La justification de cette réforme ne peut être l'affirmation que le département serait de trop. Sur les vingt-sept pays de l'Union européenne, seuls trois, à ma connaissance, n'ont pas d'échelon départemental : Malte, qui représente un peu moins que l'agglomération de Rennes, Chypre, mais seule la moitié de l'île est concernée, et la République tchèque. Les vingt-quatre autres pays de l'Union ont tous ce niveau institutionnel, même s'il ne porte pas partout le nom de « département » ; il faut dire qu'il y a plus d'une langue en Europe. (Sourires.)
Le deuxième point que je relèverai, c'est que, si ces trois niveaux de gestion locale existent dans la plupart des pays de l'Union européenne, il y a bien une singularité française : celle du mille-feuille, dont on nous a rebattu les oreilles. Toutefois, il ne s'agit pas de feuilles les unes sur les autres, mais de feuilles les unes à côté des autres : les communes. Et les lois organisant l'intercommunalité tendent à corriger, à réduire considérablement cette singularité française. Point n'est donc besoin de convoquer les départements et les régions lorsque l'on parle d'un mille-feuilles institutionnel.
De même cette réforme ne peut-elle s'appuyer sur l'affirmation visant à laisser penser aux Françaises et aux Français que les élus seraient des sortes de seigneurs ou de saigneurs, dans les deux orthographes et les deux sens. D'un côté, il s'agirait d'une sorte d'aristocratie républicaine vivant grassement des indemnités qu'elle s'allouerait en cachette. De l'autre, ce seraient d'infâmes personnages qui n'auraient d'autre volonté que d'augmenter les impôts locaux et donc de saigner leurs concitoyens.
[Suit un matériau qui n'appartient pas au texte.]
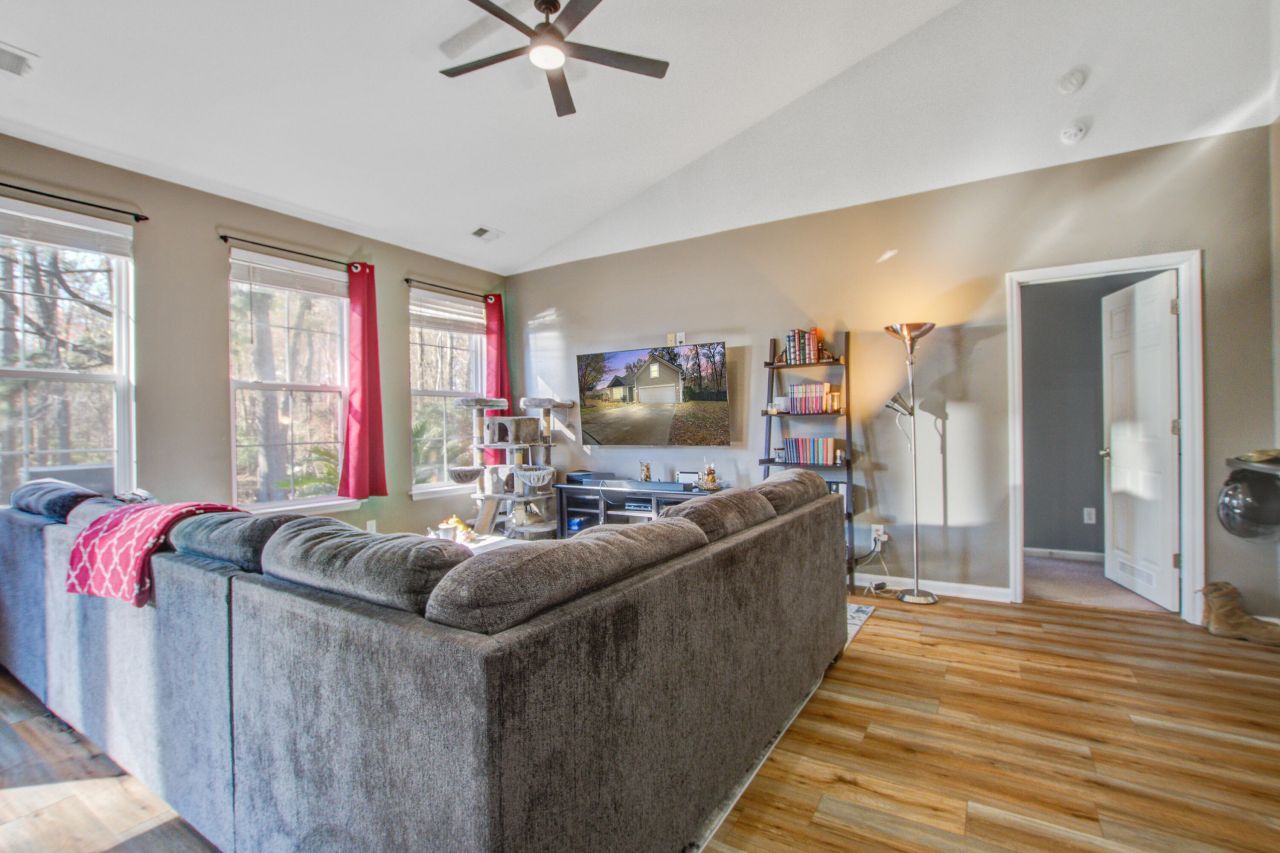 2995 Pocasset Circle Photo 12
Ce sont, de façon ramassée, les propos tenus par le Président de la République, propos indignes de la magistrature suprême et qui montrent le peu d'estime que le Président peut avoir des élus locaux et, surtout, sa méconnaissance de la réalité locale.
Les sondages montrent que les Français sont attachés tant au niveau départemental qu'au niveau régional. La singularité des fonctions assumées par chaque niveau, contrairement à ce que de nombreux propos laissent entendre, est largement plébiscitée par nos concitoyens. Une fois de plus, la caricature l'emporte sur la réflexion, la proposition, le débat.
Le summum de cette réforme en cours vient du Sénat. Constatant la variété des tâches assumées par les conseillers territoriaux, il en vient à proposer que les suppléants soient eux-mêmes conviés à participer à la représentation des collectivités départementales et régionales. Il fallait oser ! Si l'objectif est la réduction du nombre d'élus, je ne comprends pas ; et si c'est la réduction du coût des élus, c'est aussi très mal parti ! Ainsi, c'est l'inanité des arguments déployés pour justifier votre réforme qui vient sur le devant de la scène.
Votre réforme supprime la région et non le département, car le mode d'élection fait de la région une sorte de syndicat de départements, lui ôtant sa force, son autonomie politique, pourtant saluée par tous.
S'il ne s'agissait que d'organiser la concomitance des élections des conseils généraux et régionaux, nous aurions pu voter le texte proposé, mais les intentions du Gouvernement sont autres, et il faut porter un coup d'arrêt net à cette panoplie de réformes qui tourne le dos à des années d'action visant à donner un contenu à la décentralisation.
C'est pourquoi, si la forfaiture est accomplie avec cet ensemble de réformes – il faudra tout de même, pour cela, que les députés de la majorité se réveillent au moment du vote –, j'ose espérer que le résultat des élections de 2012 nous permettra de la corriger. (Applaudissements sur les bancs du groupe SRC.)